PROVIDED MATERIAL START

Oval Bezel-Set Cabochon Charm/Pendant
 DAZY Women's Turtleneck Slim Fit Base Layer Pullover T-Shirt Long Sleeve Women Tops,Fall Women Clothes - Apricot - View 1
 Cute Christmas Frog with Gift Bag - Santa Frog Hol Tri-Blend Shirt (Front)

PROVIDED MATERIAL END

> PROBLEM REQUIREMENTS:
Lines from the one containing "DAZY Women's Turtleneck" through the end of the data above must be written out exactly, and no other lines are needed.

> WORKED SOLUTION:
 DAZY Women's Turtleneck Slim Fit Base Layer Pullover T-Shirt Long Sleeve Women Tops,Fall Women Clothes - Apricot - View 1
 Cute Christmas Frog with Gift Bag - Santa Frog Hol Tri-Blend Shirt (Front)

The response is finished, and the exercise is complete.